Seeds of Change: Intellectual Property Rights, Genetically Modified Soybeans and Seed Saving in the United States
Article first published online: 9 JUN 2006
Volume 46, Issue 2, pages 122–138, April 2006
How to Cite
Mascarenhas, M. and Busch, L. (2006), Seeds of Change: Intellectual Property Rights, Genetically Modified Soybeans and Seed Saving in the United States. Sociologia Ruralis, 46: 122–138. doi: 10.1111/j.1467-9523.2006.00406.x
- Issue published online: 9 JUN 2006
- Article first published online: 9 JUN 2006
Seed saving is a historical cultural phenomenon that dates back to the beginning of agriculture itself.

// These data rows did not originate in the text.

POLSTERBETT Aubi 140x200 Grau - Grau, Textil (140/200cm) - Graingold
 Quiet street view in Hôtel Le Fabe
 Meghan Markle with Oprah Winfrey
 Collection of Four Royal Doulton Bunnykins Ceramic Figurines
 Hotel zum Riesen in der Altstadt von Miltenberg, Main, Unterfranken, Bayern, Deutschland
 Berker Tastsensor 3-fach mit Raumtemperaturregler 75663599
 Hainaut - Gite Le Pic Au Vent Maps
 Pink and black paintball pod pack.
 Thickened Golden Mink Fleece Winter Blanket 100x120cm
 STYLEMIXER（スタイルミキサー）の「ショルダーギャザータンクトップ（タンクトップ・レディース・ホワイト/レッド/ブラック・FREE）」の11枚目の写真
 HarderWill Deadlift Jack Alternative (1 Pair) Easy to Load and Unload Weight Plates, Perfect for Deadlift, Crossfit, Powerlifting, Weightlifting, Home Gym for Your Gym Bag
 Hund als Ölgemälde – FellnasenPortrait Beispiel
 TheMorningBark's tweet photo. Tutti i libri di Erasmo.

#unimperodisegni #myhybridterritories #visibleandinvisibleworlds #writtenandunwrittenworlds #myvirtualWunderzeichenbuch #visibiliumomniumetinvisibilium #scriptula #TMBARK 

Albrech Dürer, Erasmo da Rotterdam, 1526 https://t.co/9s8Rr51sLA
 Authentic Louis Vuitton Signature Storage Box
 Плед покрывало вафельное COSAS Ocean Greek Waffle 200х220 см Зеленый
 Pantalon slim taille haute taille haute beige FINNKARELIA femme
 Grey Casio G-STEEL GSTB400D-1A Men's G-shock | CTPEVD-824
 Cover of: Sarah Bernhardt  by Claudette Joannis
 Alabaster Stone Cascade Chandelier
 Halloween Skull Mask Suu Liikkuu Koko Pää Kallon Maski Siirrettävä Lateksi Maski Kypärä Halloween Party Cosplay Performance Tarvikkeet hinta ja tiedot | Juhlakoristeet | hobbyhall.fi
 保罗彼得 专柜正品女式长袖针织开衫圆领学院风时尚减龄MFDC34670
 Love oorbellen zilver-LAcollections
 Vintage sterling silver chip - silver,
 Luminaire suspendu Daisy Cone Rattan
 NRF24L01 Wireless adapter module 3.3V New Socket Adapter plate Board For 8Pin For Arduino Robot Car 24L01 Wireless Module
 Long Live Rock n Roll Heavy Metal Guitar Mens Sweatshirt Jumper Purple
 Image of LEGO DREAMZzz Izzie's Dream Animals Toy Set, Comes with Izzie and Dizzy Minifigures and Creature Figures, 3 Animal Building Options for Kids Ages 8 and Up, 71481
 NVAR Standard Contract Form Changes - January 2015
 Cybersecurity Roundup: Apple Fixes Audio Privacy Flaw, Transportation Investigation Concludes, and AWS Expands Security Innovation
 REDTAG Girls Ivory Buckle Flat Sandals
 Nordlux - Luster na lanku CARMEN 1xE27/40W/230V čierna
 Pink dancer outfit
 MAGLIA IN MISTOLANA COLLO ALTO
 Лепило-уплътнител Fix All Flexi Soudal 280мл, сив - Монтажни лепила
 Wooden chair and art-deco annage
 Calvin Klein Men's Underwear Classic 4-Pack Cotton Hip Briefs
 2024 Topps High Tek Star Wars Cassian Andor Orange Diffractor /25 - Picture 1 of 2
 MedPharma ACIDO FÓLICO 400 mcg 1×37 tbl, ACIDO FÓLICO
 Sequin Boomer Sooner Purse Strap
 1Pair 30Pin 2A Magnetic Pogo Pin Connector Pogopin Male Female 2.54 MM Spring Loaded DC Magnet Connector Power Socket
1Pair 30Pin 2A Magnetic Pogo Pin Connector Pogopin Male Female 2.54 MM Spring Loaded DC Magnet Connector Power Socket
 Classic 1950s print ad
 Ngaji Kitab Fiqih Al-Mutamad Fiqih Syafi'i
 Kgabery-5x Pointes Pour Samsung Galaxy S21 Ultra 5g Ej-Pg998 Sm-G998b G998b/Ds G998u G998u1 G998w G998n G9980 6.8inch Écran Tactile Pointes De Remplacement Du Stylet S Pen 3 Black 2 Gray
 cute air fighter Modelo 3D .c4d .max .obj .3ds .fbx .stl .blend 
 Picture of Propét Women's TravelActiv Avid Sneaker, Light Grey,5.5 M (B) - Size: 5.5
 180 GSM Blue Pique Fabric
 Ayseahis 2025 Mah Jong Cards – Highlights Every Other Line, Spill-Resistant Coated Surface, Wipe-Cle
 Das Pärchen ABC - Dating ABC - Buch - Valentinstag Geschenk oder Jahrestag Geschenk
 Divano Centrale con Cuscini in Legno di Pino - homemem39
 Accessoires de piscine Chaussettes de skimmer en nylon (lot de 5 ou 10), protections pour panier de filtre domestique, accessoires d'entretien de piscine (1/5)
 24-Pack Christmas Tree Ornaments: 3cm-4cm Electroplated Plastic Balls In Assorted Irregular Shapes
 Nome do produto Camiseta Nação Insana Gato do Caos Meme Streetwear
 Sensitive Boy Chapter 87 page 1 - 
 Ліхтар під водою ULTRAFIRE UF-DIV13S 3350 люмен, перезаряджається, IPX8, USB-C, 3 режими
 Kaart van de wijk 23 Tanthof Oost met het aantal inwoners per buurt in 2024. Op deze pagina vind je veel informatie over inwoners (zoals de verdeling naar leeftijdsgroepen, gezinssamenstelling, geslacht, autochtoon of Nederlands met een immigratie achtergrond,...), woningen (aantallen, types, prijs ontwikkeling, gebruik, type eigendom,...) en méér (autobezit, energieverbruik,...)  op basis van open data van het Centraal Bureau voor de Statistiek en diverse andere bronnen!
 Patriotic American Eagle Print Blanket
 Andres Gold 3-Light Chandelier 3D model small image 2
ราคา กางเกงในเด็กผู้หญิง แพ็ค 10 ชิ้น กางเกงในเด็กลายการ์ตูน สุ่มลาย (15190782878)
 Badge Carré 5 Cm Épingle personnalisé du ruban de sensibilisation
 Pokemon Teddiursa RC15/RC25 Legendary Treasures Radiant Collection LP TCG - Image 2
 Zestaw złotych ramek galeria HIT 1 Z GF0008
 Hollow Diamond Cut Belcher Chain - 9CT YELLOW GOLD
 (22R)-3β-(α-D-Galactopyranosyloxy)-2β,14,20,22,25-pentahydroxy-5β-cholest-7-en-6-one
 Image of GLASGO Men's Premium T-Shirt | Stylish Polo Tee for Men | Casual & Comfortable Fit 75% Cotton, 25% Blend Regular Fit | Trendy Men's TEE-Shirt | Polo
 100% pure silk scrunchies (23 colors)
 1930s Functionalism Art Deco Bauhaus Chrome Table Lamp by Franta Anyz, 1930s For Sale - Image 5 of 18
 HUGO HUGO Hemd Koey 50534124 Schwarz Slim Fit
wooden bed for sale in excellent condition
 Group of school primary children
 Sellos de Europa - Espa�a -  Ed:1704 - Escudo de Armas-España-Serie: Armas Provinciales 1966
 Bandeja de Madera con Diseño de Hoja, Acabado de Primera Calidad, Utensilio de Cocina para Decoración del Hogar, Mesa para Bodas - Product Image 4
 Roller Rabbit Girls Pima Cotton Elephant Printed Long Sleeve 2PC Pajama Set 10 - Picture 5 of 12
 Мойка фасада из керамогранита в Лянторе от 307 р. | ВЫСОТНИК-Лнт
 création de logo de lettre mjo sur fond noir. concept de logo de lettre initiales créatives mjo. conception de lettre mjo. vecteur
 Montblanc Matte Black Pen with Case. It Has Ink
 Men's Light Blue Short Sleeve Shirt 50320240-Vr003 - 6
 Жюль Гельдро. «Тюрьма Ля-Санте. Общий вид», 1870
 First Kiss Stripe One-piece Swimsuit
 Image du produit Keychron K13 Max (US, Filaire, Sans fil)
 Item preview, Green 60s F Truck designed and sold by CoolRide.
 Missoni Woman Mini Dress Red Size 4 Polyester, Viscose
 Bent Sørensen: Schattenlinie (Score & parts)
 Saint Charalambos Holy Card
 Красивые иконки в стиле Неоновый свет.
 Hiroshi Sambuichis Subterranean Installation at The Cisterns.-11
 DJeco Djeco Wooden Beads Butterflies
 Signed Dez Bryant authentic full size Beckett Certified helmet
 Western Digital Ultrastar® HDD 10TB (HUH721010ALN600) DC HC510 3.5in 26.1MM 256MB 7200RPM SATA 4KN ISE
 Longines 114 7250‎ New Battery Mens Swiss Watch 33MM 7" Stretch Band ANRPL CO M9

Seeds, because of their unique characteristics – the seed contains within itself the means for its own reproduction – have offered a particularly large stumbling block to capital accumulation. In the US, intellectual property rights legislation and Supreme Court decisions have played a profound role in overcoming these unique characteristics and have made it possible for input supply companies to extract more profit from the farm production process. Our analysis of the historical seed-saving practices of soybean farmers in the US indicates that large farms have consistently saved seed in the US – as much as 60 per cent in some years. However, with the introduction of Roundup Ready® soybeans the nature of seed saving was drastically changed. We argue that the combination of expanding intellectual property rights, ‘new’ GM technology, and the ideology of the technological treadmill have successfully overcome seeds’ inherent obstacles to capitalist accumulation. In capitalising nature's production, Monsanto and other leading seed corporations have been able to incur massive profits from the licensing of commercial seed supplies. As a result, US farmers are facing further loss of control of the farm production process.